Sir Robert Borden

Sir Robert Borden

1854-1937

 

Borden was prime minister between 1911 and 1920 and successfully garnered international recognition of Canada as an autonomous dominion. He formed a Union Government to lead Canada during the final difficult years of the First World War and he visited the war fronts several times. Ill health forced him to leave politics in 1920.

For 30 years (1907-1937), Borden lived at 201 Wurtemburg St. just north of Rideau St. in a house called “Glensmere” (His wife Laura lived there for another three years). Borden had already bought a lot on Marlborough Ave. on which to build but was persuaded by his wife to buy Glensmere, which backed onto the Rideau River, instead.
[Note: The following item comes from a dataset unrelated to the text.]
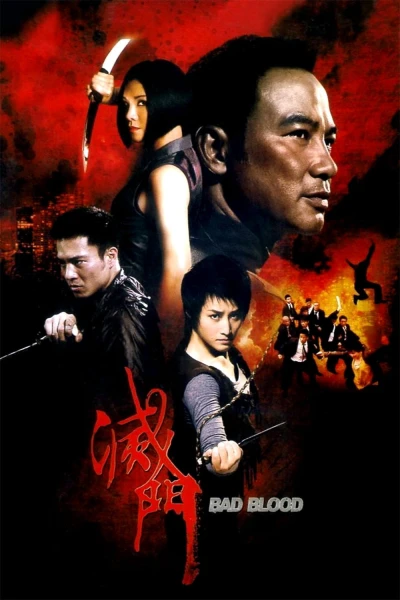 King of Triads ( Diệt Môn) [2010]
Although a beautiful house (its architect F.J. Alexander had also designed the interior of the Library of Parliament), it was badly insulated and two radiators froze the first two years the Bordens lived there.

Borden also noted later that the location had a number of disadvantages at the time: the street was in terrible condition and the land at the back of the property was being eroded by the river; Macdonald Gardens across the street did not exist yet and was the former site of the Sandy Hill cemeteries.[1] The land remained unkempt, attracting shady characters at night until it was turned into a park in 1912. In 1942, Glensmere became the embassy of the Republic of China. It was demolished in 1970 to be replaced by the Watergate apartment building.

Sir Robert Borden speaking to the officers and men of a Canadian brigade on the Western front, July 1918 (LAC MIKAN 3522177)

A reserved man, Borden was not a natural politician and he came to politics late (at age 42) after being recruited by Charles Tupper at a dinner at the latter’s Ottawa home. He assumed the leadership of the Conservative Party reluctantly in 1901 and although he made his acceptance conditional on being in the post no longer than one year, he stayed on to become prime minister in 1911 and lead the country until his resignation in 1920. Borden disliked pomp and ceremony and never felt fully comfortable with the knighthood he had received in 1913. Before his death, he told his nephew “none of this ‘Sir’ stuff at the cemetery, just plain Robert Laird Borden.” (Borden, 1971)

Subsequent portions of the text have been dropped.